Despite Russia’s agreement last month to tone down the rhetoric, Putin’s statements exposed vast gaps between Russia and the West ahead of this week’s Group of Eight summit. He called Britain’s decision to demand the extradition of the man suspected of killing former KGB agent Alexander Litvinenko with a radioactive poison an act of “stupidity.”
The interview touched on much that the rest of the world finds disturbing about Putin’s Russia: the backsliding on democracy, the increasing assertion of military power, the general perception of a leader who feels immune to international criticism.
To the many Westerners who say he has rolled back Russia’s democratic reforms, Putin responded with the startling assertion that he is the world’s one true champion of democracy.
“I am an absolute and pure democrat,” Putin said. “But you know what the misfortune is? Not even a misfortune but a real tragedy? It’s that I am alone, there simply aren’t others like this in the world.”
The transcript noted that Putin laughed when making that comment, suggesting he was joking. A few moments later he added: “After the death of Mahatma Gandhi, there’s nobody to talk to.”
Sandwiched between his acid criticisms and ironic assertions was a brief but brutal criticism of the West.
“We look at what has been created in North America – horror: torture, homelessness, Guantanamo, detention without courts or investigation,” he said.
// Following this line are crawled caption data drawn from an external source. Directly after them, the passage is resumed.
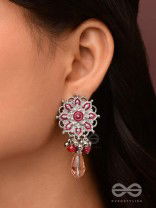 The Rosy Intricacy - Enamelled Oxidised Earrings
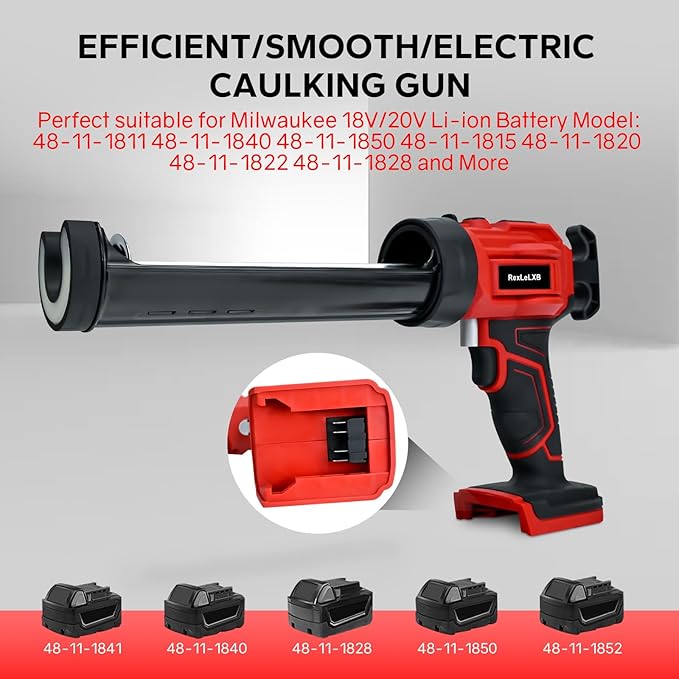 Cordless Caulking Gun for Milwaukee 18V Battery, Electric Caulk Adhesive Gun with 450lm LED Light, 4 Adjustable Speeds, Drip-free Caulk Gun, 10oz/300ml Caulking Tool for Filling, Sealing(No Battery)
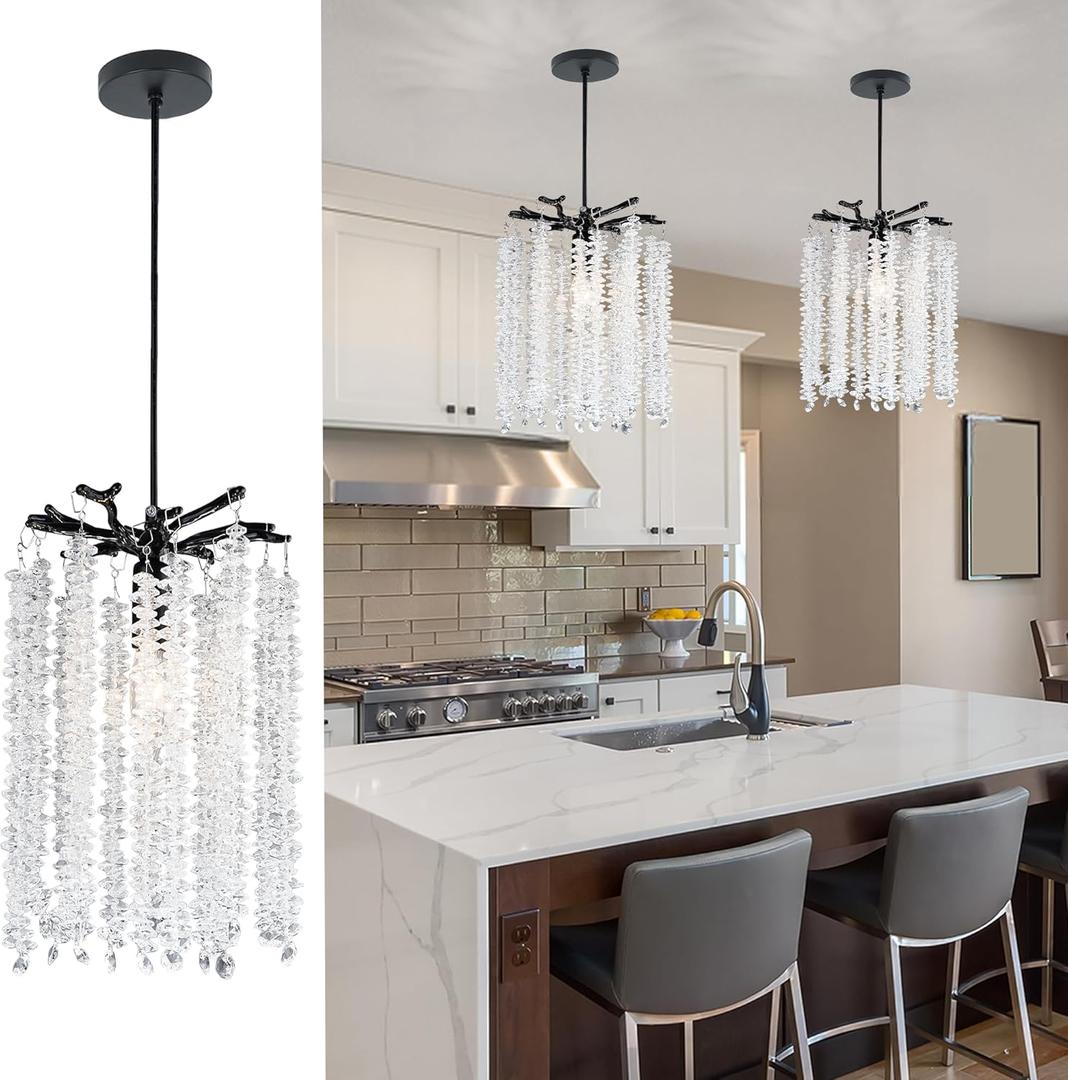 Plug in Pendant Light Fixtures: Hanging Lamp Plug in Gold Crystal Pendant Lamp, Hanging Light for Kitchen Island, Bedroom, Dining Room, Living Room, E12 No Bulb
Rather than try to soothe nerves before the G-8 summit in Germany, Putin repeated, and even amplified, recent Kremlin criticism of the United States – including his allegation in February that the United States was engaging in a “hyper-use of power,” and Russian officials’ denunciation of purported Western attempts to destabilize Russia by funding pro-democracy groups.
Russia is scheduled to hold presidential elections in March. Putin, who was re-elected in 2004 with more than 71 percent of the vote, has presided over one of the most prosperous periods in Russian history and enjoys sky-high approval ratings.
Putin has not publicly said whom he would prefer to see succeed him.